Dataset items
* * *
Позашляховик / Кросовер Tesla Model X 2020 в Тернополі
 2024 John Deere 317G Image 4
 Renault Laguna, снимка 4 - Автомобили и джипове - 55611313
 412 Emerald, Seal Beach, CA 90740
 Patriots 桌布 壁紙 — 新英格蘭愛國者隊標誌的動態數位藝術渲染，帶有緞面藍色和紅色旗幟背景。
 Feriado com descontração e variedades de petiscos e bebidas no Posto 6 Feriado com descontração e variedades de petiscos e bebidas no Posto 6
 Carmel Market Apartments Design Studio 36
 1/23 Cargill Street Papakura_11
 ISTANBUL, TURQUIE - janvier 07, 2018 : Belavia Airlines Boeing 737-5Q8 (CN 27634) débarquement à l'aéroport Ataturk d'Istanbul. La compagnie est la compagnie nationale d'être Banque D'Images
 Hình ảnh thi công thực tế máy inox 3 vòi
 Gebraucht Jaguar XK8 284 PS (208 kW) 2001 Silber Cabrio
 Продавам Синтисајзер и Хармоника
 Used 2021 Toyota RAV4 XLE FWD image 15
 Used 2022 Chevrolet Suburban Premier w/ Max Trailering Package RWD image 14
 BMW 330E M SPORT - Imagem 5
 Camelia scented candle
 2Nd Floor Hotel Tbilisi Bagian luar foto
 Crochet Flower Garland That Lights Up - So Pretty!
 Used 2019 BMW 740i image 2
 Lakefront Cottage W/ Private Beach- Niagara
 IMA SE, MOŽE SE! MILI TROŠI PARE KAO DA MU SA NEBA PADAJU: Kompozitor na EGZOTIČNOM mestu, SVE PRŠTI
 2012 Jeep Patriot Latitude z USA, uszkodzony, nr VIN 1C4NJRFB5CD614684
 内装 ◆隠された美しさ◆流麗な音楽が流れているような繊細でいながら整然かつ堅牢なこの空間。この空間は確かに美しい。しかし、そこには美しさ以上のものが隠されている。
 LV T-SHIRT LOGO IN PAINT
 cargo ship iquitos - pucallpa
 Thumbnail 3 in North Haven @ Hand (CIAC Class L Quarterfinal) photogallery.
* * *
Wherever the string "Beach" occurs in the records, copy the line it is in.

 412 Emerald, Seal Beach, CA 90740
 Lakefront Cottage W/ Private Beach- Niagara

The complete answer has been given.